## What you should do
In the listing below, locate the line containing "PES 2021 - Uniformes/kits" and the line containing "anatomy on Tensor.Art". Output both of them and every line between, exactly as written, and nothing more.

## The records
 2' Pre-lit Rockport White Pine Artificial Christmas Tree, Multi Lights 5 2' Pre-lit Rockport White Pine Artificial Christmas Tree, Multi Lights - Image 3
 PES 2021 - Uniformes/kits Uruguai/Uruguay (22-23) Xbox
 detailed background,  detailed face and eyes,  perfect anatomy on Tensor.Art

...

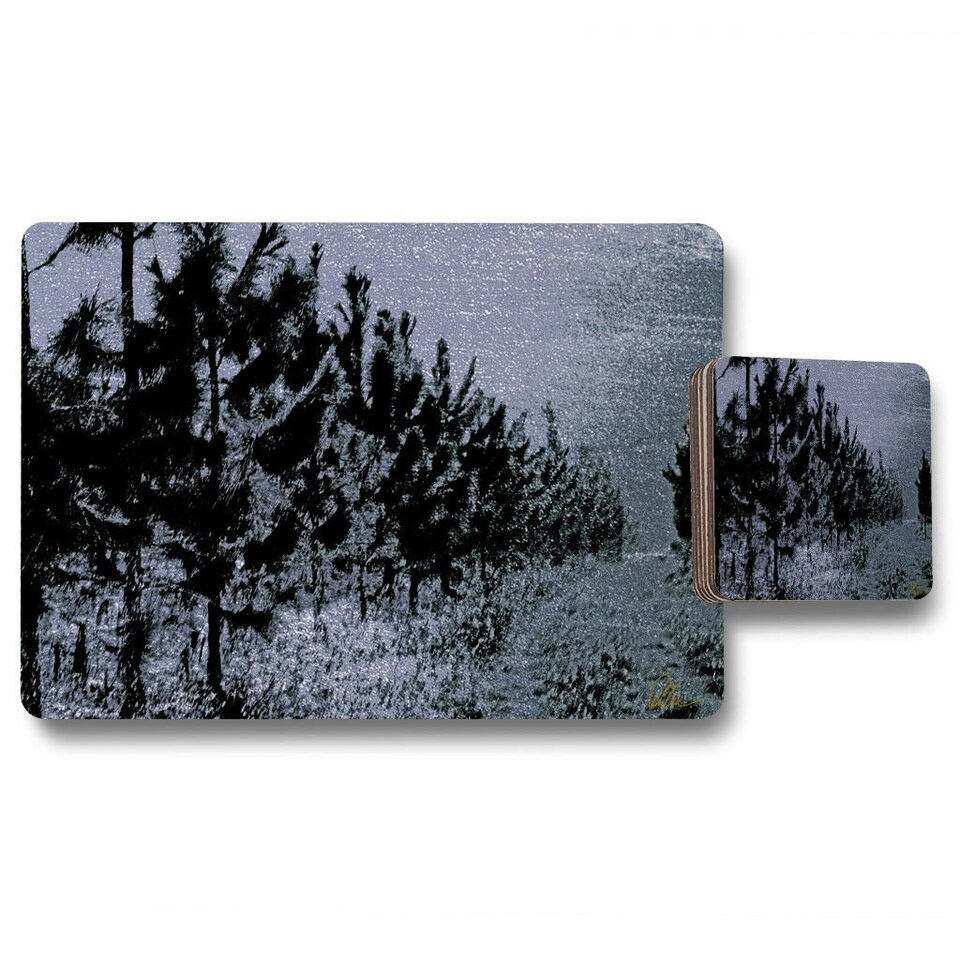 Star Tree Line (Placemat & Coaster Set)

## Task response
 PES 2021 - Uniformes/kits Uruguai/Uruguay (22-23) Xbox
 detailed background,  detailed face and eyes,  perfect anatomy on Tensor.Art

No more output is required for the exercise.